Tackling poverty - and child poverty in particular - has been for New Labour about getting more people into work and they've been helped in that by a buoyant economy. Nothing wrong with new jobs if the jobs are well-paid. But they aren't always. Wage incomes which have to be subsidised through the Tax Credits are not adequate even with the subsidy. Wage levels and government subsidy (a subsidy to the employer, let us not forget) are not in the scope of this report. But the report does tell us some interesting consequences of this 'drive to work':

  • 57% of lone mothers are economically active compared to 48% in 1992.
  • 54% of mothers with children under 5 work compared to 48% in 1992.

So has this increased level of parents in work decreased child poverty? Somewhat. According to the Government 3.8 million children are living in poverty (less than half average weekly earnings) and that is a reduction of 400,000.

The Government had pledged to reduce child poverty by 25% (around a million) by 2004.

A government which is actually increasing inequality between the worst off and best off will always find the figures for child poverty (measured relative to average earnings) difficult to shift. The low levels of national minimum wage also do not help. The UK still has the highest level of child poverty in Europe.

What of work-life balance? According to this report it is overall getting more complicated, more difficult to manage. The government and employers' idea about the 'flexible working' required to juggle with family responsibilities is not necessarily the same thing as parents' idea.

Britain has the highest level of part-time work in the EU. That may be good for parents in the abstract, but part-time work is often concentrated in the lowest paid sectors of employment. And it is women/mothers in particular who do it.
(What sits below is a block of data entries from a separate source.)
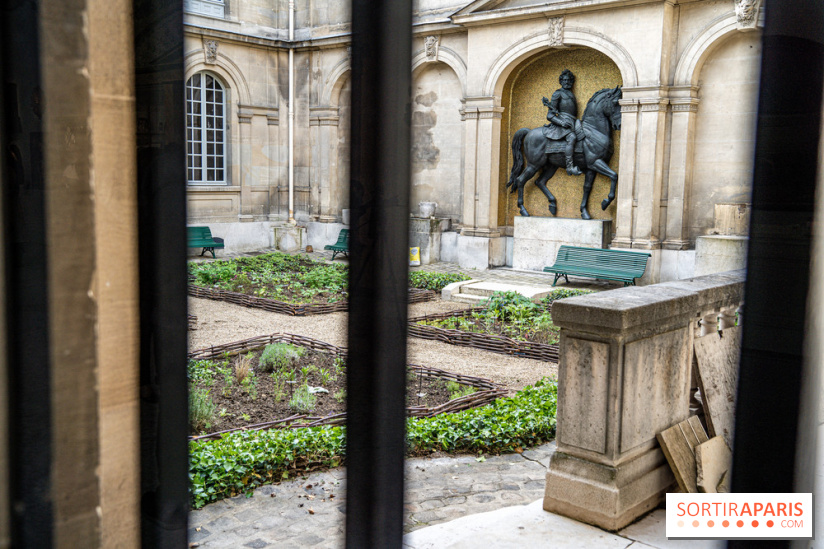 Musée Carnavalet rénové et repensé, les photos 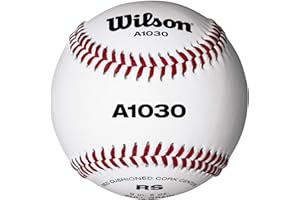 Wilson Champion Series Baseballs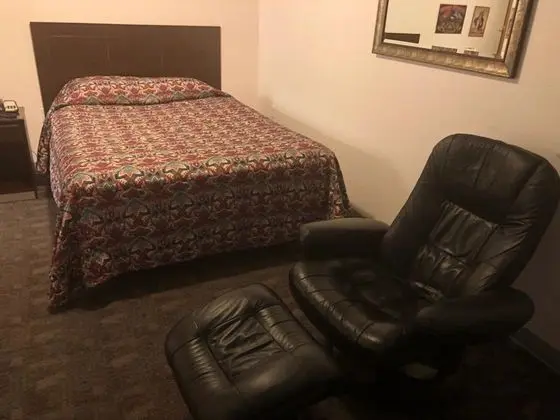 Standard Oda, 1 En Büyük (King) Boy Yatak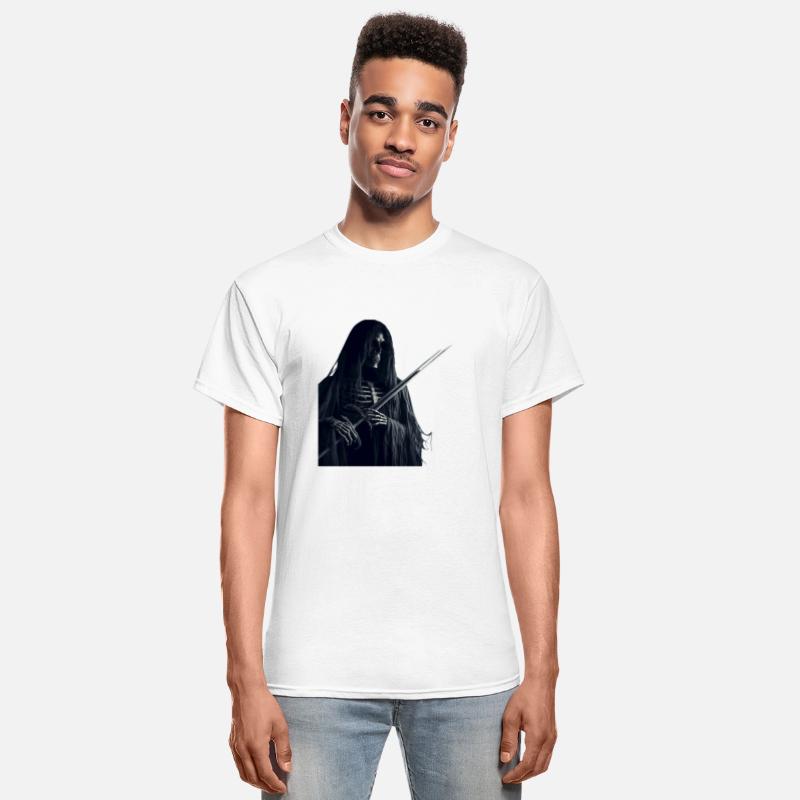 Specter of the Abyss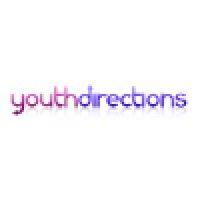 youth directions, inc logo image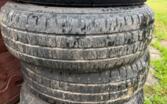 Tyres, Other
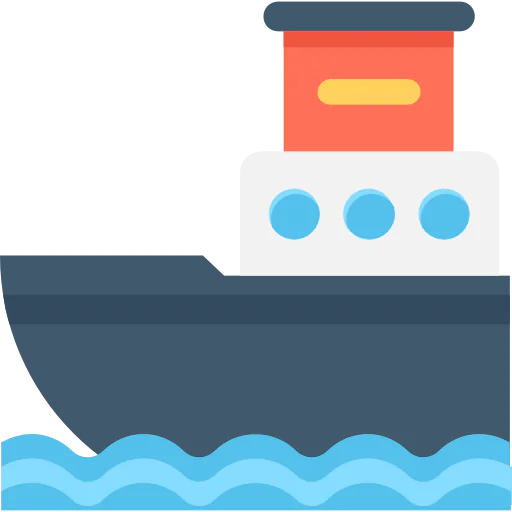 Ship icon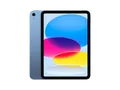 Produktbild: APPLE iPad Wi-Fi (11th generation), Tablet, 128 GB, 11 Zoll, Blau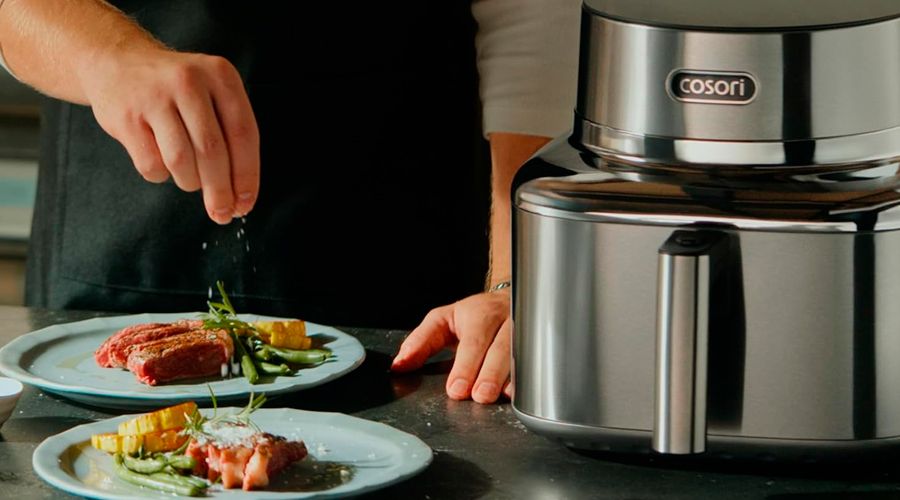 Cosori Iconic Single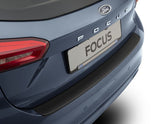 Original Ford Focus ab 2018 ClimAir®* Ladekantenschutz, schwarz matt, 5 Türer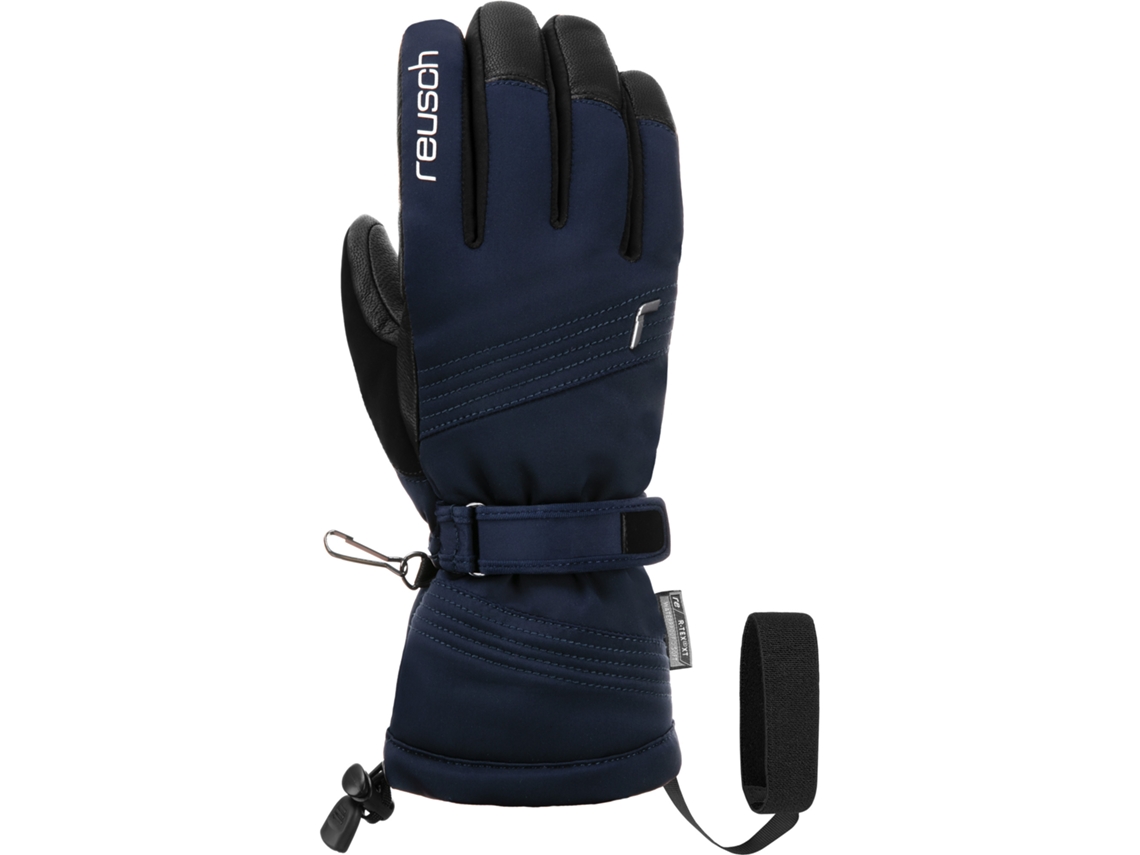 Guantes de esquí REUSCH Charlotte R-Tex XT Taille 7,5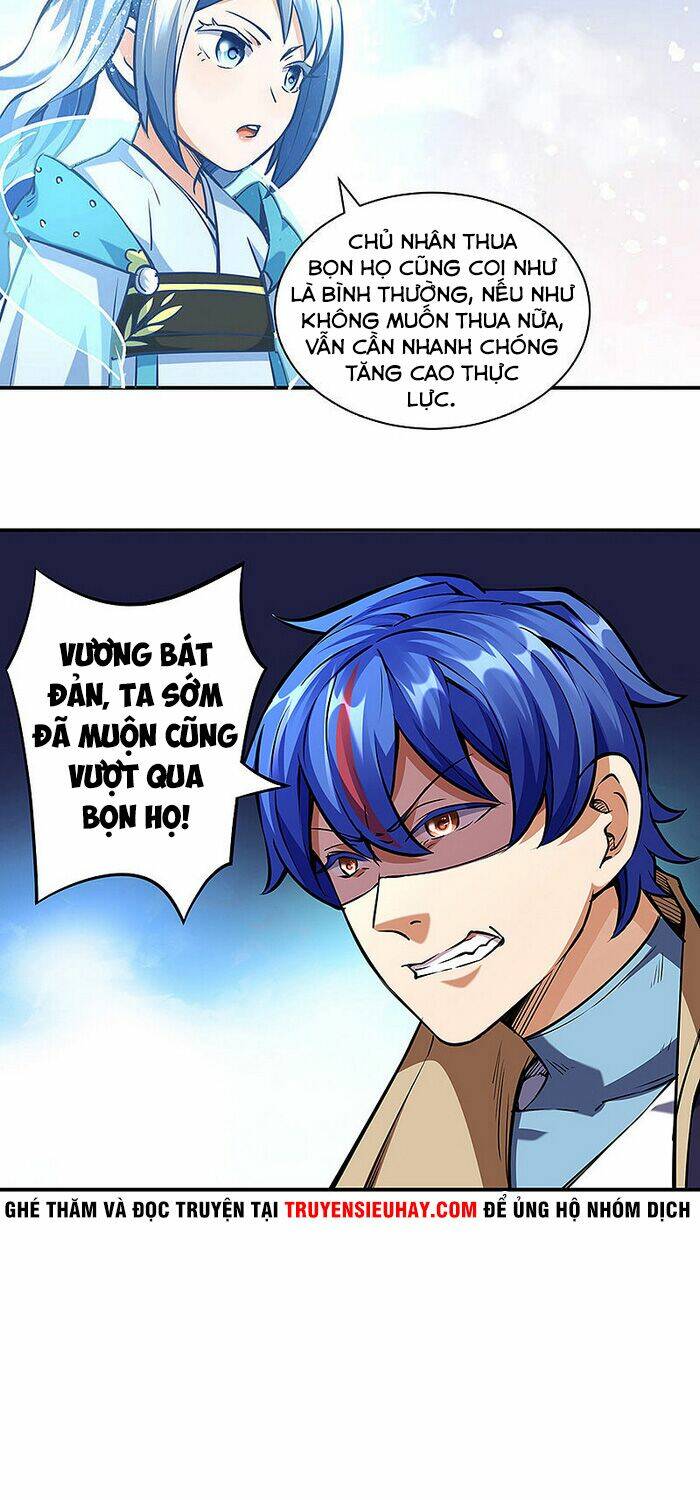 Chương 257 - Trang 22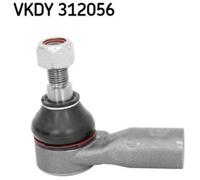 SKF Testa Della Barra Di Sterzo Barra Per Iveco Daily IV Pritsche/Fahrgestell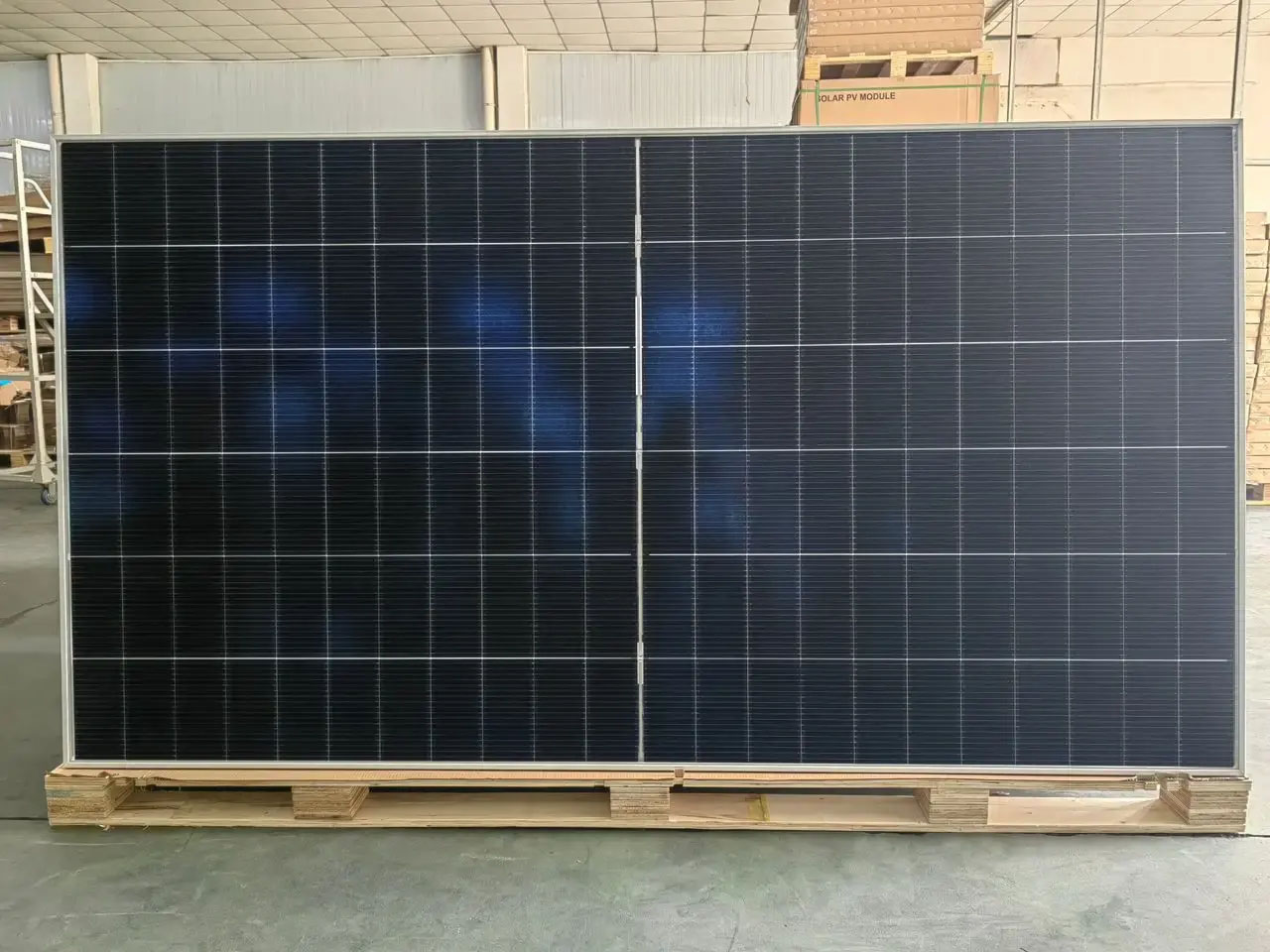 Painéis Solares Bifaciais Jink - Jinko Solar Panel Tiger Neo avaliação e preço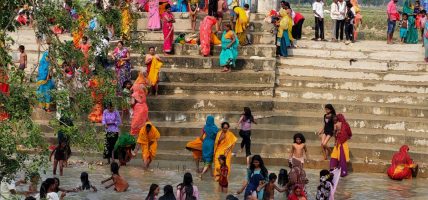 महोत्तरीमा पुरुष्वत्तम मेला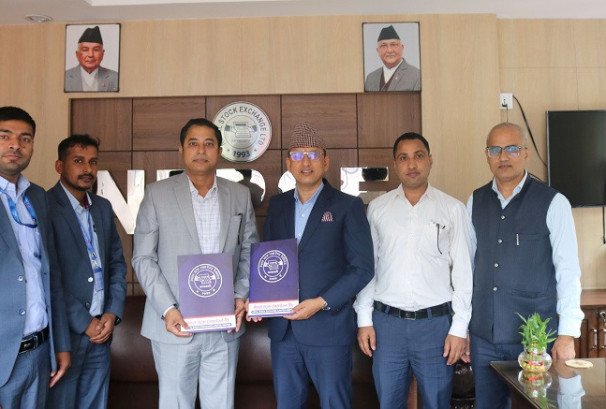 एमबीएल इक्विटी फण्डको १२.१६ करोड इकाई नेप्सेमा सूचिकृत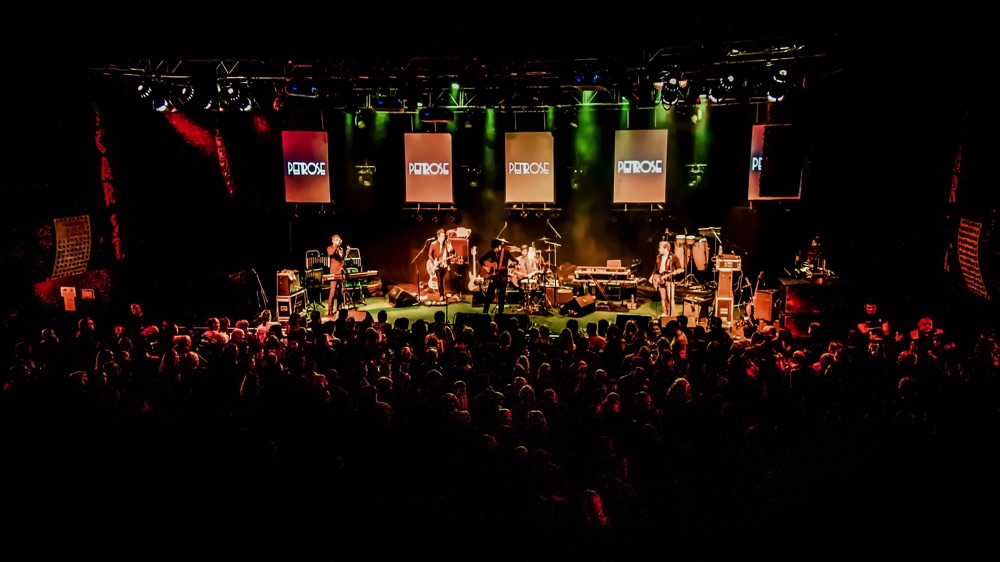 live music in dublin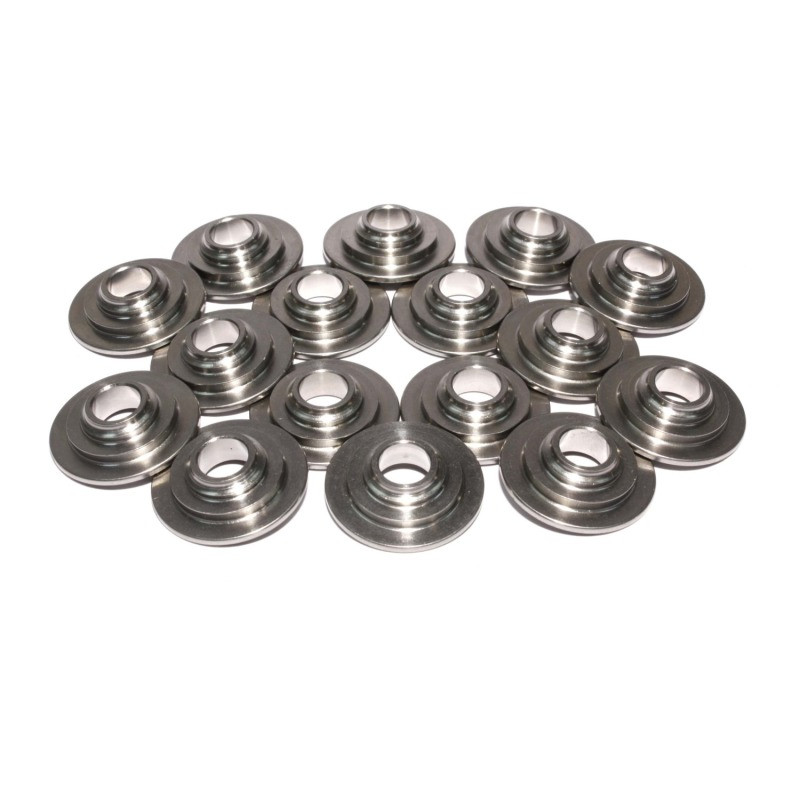 COMP Cams Retainers Titanium 1.350in 10D - 718-16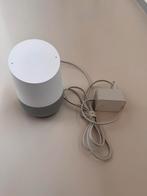 Google home, Audio, Tv en Foto, Luidsprekerboxen, Ophalen, Zo goed als nieuw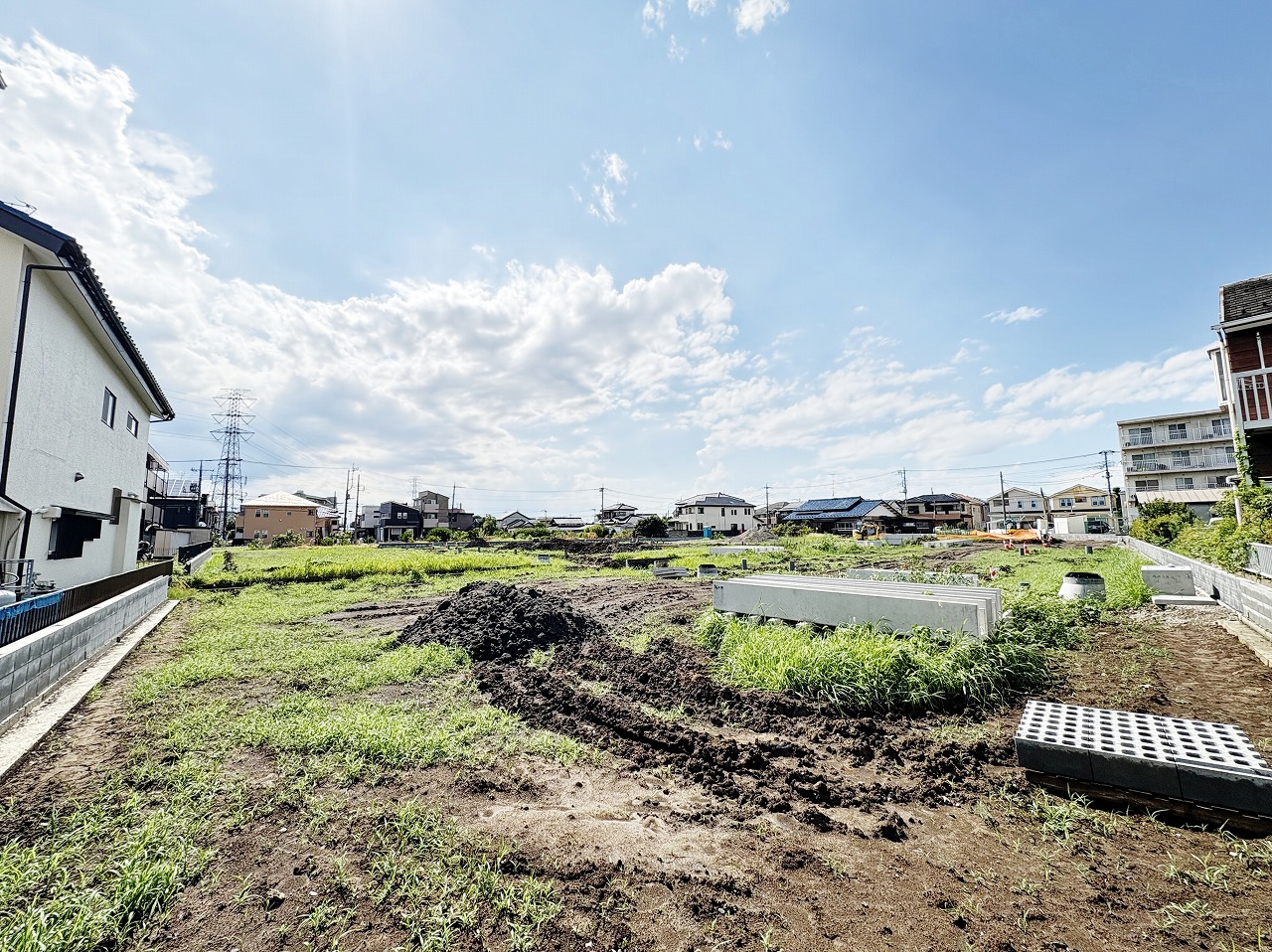 物件画像 埼玉県志木市中宗岡1丁目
The picture that emerges is of shift parenting, with more people working unsociable hours and weekends - hardly conducive to 'family life'. Or one parent will be working fewer hours and the other, typically the father, very long hours.

Often parents end up working to pay for childcare. According to the TGWU, women have to work three hours (and 4.6 hours in London and the south-east) to pay for one day of nursery care. Many parents end up feeling "what is the point of working?" Which might account for why increased childcare is not very high on the list of parents' demands.

But stopping or reducing work is not an affordable option either as long as 'flexible' working in any job is not a right, and as long as, where it does exist, by 'flexible' working what employers mean is low pay, unsociable hours, and no union representation.